パラレル通信

composer/Gaspar Knowsの中のひとり/神楽音楽研究中。 平日は某ゲーム会社にいます 連絡→outtakesrecords@gmail.com

レス・ザン・ゼロ

平日の散歩中に新しい曲のアイディアが出てきてメモる。

週末は雨だったので家にこもってギターでいろいろ試すが難航。

バラバラの三人の演奏を合わせる合奏というものをやってみたい(文字にすると陳腐だが、、)

 

この間読んだ高畑勲のエッセイで、主人公への感情輸入型の映画と客観視点を持った映画について書かれていていろいろ考えたりする。

 

赤毛のアンを見てすごいと思ったのは、最初の方の話でアンがグリーンゲーブルズに住んで良いと決まるところの話の流れで、話の途中でマリラがアンを家に置こうと決めるのだがそれをアンに伝えることはしない。それはマリラとマシューと観客にのみわかっている事実でアンは最後の最後でその決定を聞いて喜ぶという流れ。主人公への感情輸入型の演出をするのであれば観客にもその事実は伏せて最後までハラハラさせる方が感動は高まるだろうが高畑勲はその選択をしない。つまり、グリーンゲーブルズに住むという結の部分が重要なのではなく、そこへ至る流れ、人物たちの心の動きこそが描きたいことなのだということだろう。この演出がすごいのはたったこれだけの組み替えで観客の視点が客観的になることだろう。アンはそのキャラクター性からある意味過剰に思い入れされてしまう可能性もあるし、全く理解されない可能性もある。だから感情輸入型にしてしまうとそれはアンのキャクターの話に集結してしまい、いかにアンが素敵で素直で心が綺麗でといったところから一歩も出れなくなるだろう。しかし、客観性を持たせるというたった一つの演出の組み替えによってアンが変な子であり、それがある時はユーモアに、ある時は聞き分けのない子供として、ある時は大人にはない視点を持った一人の人間として見ることができる。それはマリラに対してもマシューに対しても同じで、観客はそういったひとたちを窓の外から眺める庭の木々のような視点になる(雪の女王だ)

 

音楽の感想としての常套句で、あのバンドがいたから生きる勇気が出たといった表現があるがそれは正確ではないと思っていて、生きる勇気を出せたのは聞いた観客側なのであってその曲のそのバンドの良さに気づいたのも観客であるあなただということだ。音楽が提示しているものが正解として主観的に入り込んでしまうといつか破綻する。人生はその曲の中で描かれること以外で多くが成り立っているのだから。

 

逆に客観視点があればたとえある曲の良さがわからなくても、いつかわかる日がくると思える。(いつかは想像を超える日がやってくる)

 

何かを作る側の人間として最も恥ずかしいのはその作品、曲の良さを理解された上で陳腐であると思われることだろう(客観性を持ってきちんと否定される)音楽を聴いていてこういう感覚になった曲やバンドは自分はもう二度と聞けない(そんなものにかける時間はないのだから)

 

天然コケッコーから駅から5分花に染むまで順番に読み返していて

やはり天然コケッコーは異質であり傑作だと思った。

どれも天才的な作品ではあるが100年後残るとしたら天然コケッコーだろう。あそこまでストーリーに恣意さがなく、客観性を持ってキャラクターを描けるのは脅威だと思う。

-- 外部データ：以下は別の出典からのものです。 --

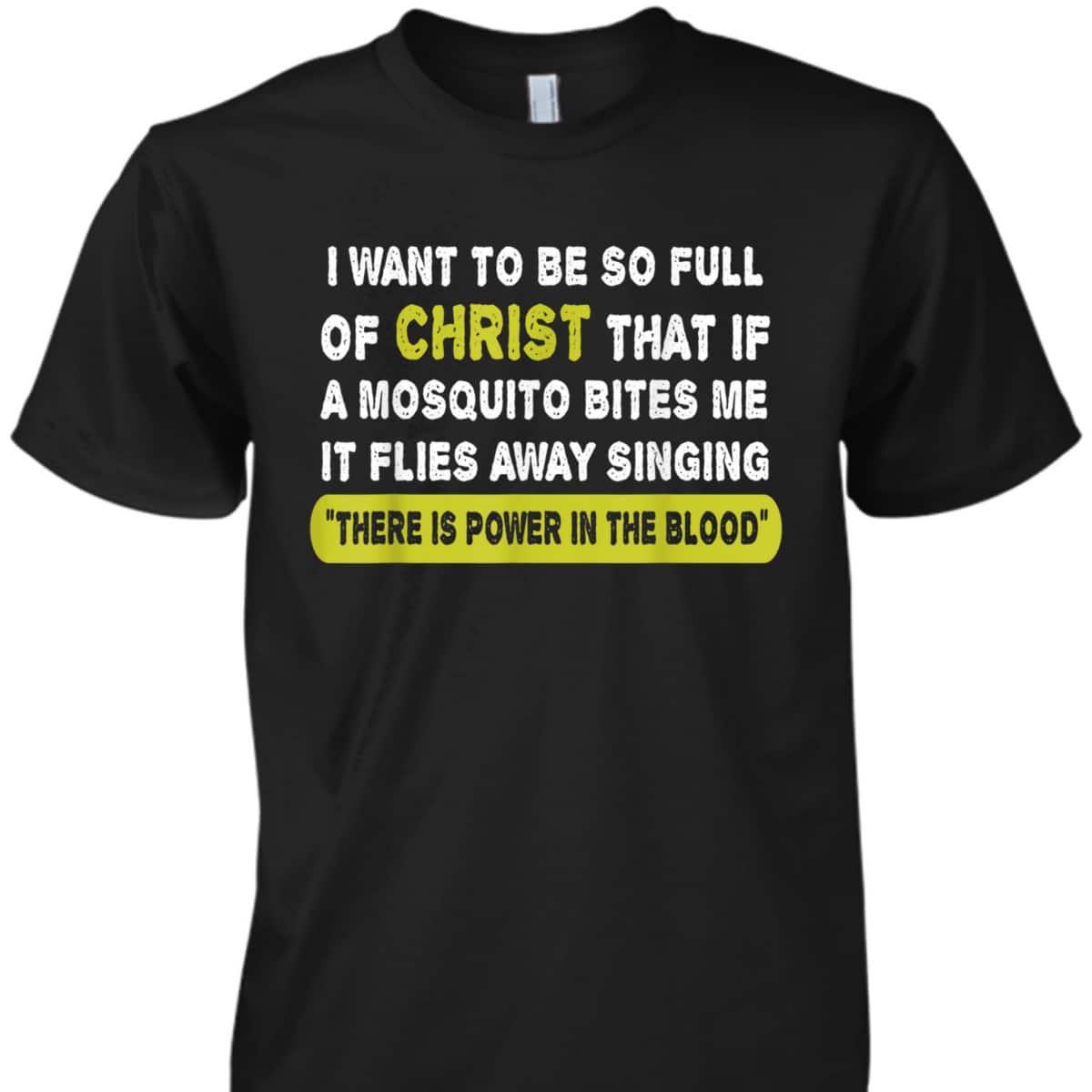 Christian Mosquito Funny Quotes T-Shirt There is Power In The Blood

カールテオドアドライヤーの映画を見返したりして、奇跡のラストあたりの話の流れであったり、リンダリンダリンダのコメンタリーを聞いていて山下敦弘が自分の演出がわかりづらいよなと言っている箇所だったり、人は意外と与えられることに甘えていて自分で考えない生き物なんだなと改めて思う。自分もドライヤーの奇跡を久々に見て葬式のシーンで普通に泣いていたのだが、あそこは演出としてなくというよりは各人物の交わらなさに絶望するという感情の方が正しいようにあとで思った。だから最後に奇跡は起こるのだし、その瞬間の子供の笑い方が異様で無垢なのだろう。

 

読書に疲れた時にミステリを読んだりするが、普段読んでいる本と違って数時間で読み終わってしまう。それは結末があって、なんとなく決着がつくとわかっていて、キャラもわかりやすく感情輸入できてある程度読み飛ばしもでき、ほどほどに良い気持ちにしてくれるから続けて読めるといったことなのだろう。

それが良い悪いではないが、自分が本当に何かを考える時に、ほとんど全く(サブカルの引用くらいでしか)そう言った作品からの影響は役には立たない。

その意味でも現実逃避には最適なのかもしれないが。